Así fue como esos prismáticos se convirtieron en un accesorio obligatorio en nuestras excursiones musicales. Camiseta del grupo en cuestión y prismáticos. Cerveza y prismáticos. Asientos en la quinta fila del teatro y prismáticos. Sin ellos teníamos la sensación de echar de menos algo: la posibilidad de sentir la música de otra forma, supongo, o algo que se me escapa o no recuerdo. Aquellos prismáticos dieron muchas vueltas y, probablemente, estarán guardados y a oscuras, un relicario de todo lo que vieron y que, tantos años después, mantengo en la memoria. Esos prismáticos sobrevivieron a padre y, con toda seguridad, sobrevivirán a mi presbicia.

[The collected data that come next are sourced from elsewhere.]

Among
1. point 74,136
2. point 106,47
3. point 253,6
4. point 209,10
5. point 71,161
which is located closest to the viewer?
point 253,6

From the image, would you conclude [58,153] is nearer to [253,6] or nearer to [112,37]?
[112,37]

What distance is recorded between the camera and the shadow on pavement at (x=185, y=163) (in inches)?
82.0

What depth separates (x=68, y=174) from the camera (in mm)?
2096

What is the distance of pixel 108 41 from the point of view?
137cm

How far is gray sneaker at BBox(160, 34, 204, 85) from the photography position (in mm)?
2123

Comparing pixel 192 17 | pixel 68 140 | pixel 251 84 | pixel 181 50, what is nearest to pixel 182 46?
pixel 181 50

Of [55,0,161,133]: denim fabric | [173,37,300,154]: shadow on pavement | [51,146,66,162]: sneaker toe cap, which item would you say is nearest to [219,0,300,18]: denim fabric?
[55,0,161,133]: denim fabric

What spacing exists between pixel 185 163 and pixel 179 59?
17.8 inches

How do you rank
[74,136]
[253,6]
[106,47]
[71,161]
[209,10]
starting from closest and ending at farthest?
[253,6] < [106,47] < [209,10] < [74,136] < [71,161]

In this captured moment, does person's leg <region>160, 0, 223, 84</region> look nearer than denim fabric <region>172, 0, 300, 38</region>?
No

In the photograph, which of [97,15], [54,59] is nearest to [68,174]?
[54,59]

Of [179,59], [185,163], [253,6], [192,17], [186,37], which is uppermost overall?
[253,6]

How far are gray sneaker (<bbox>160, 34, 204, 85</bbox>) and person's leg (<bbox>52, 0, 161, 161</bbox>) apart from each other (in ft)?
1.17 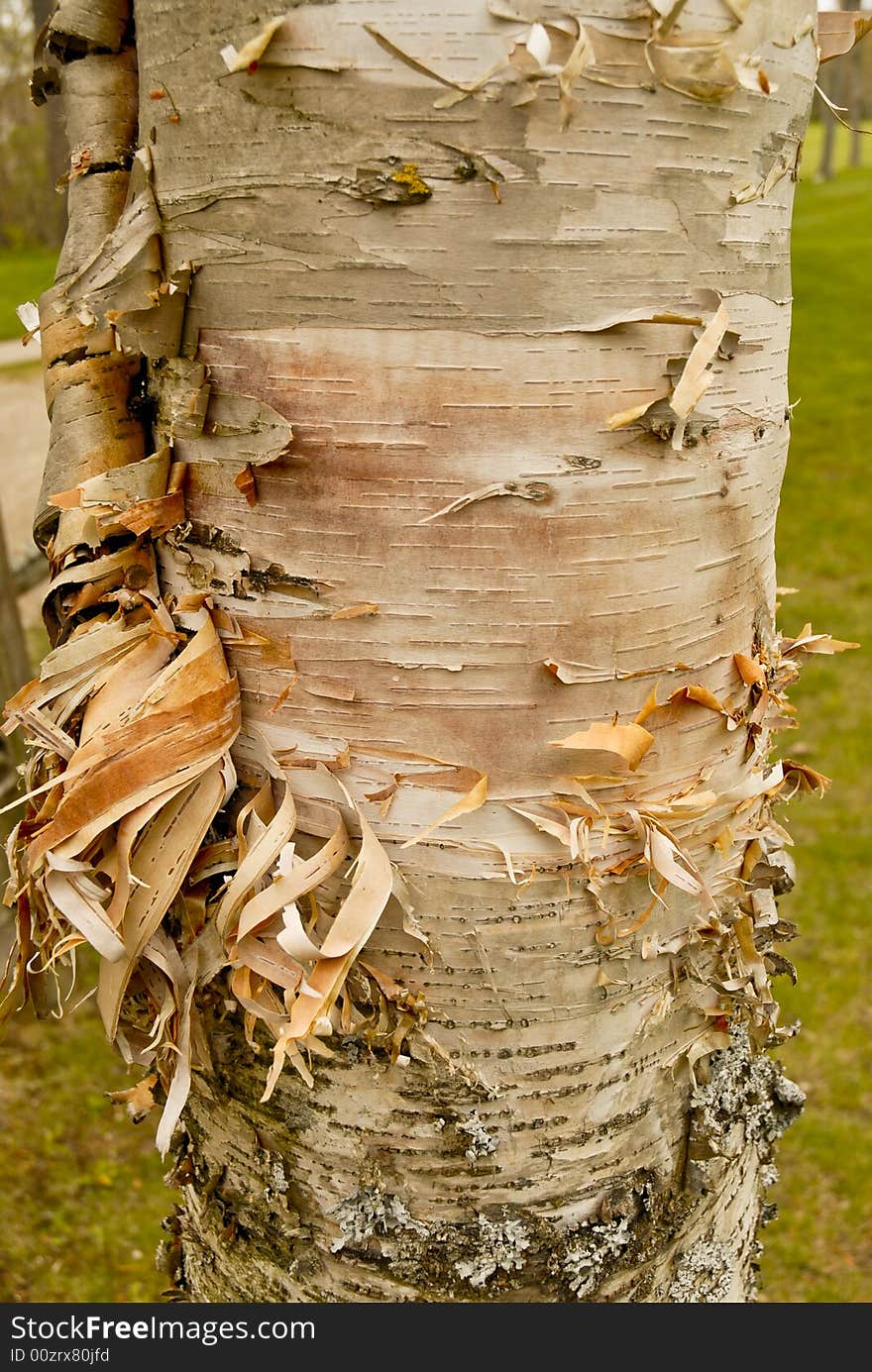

Esta mañana, María me ha regalado unos prismáticos. El gesto —¿para qué querré yo unos prismáticos?— me ha emocionado. Los he sacado de la caja, he quitado los plásticos protectores de las lentes y, al ponérmelos sobre los ojos, me he convertido en padre. Desde la terraza de mi nueva casa he mirado la intimidad de los vecinos, sus camas recién hechas, los salones decorados con artesanía andina, los tejados del Universidad Francisco José de Caldas llenos de estudiantes con sueño. Creo que el día que padre compró aquellos prismáticos tenía la edad que tengo yo ahora. Nada ha cambiado: la música, los conciertos, las ganas de seguir mirando a pesar de la distancia. Solamente falta él, aunque le vea cada vez más cerca.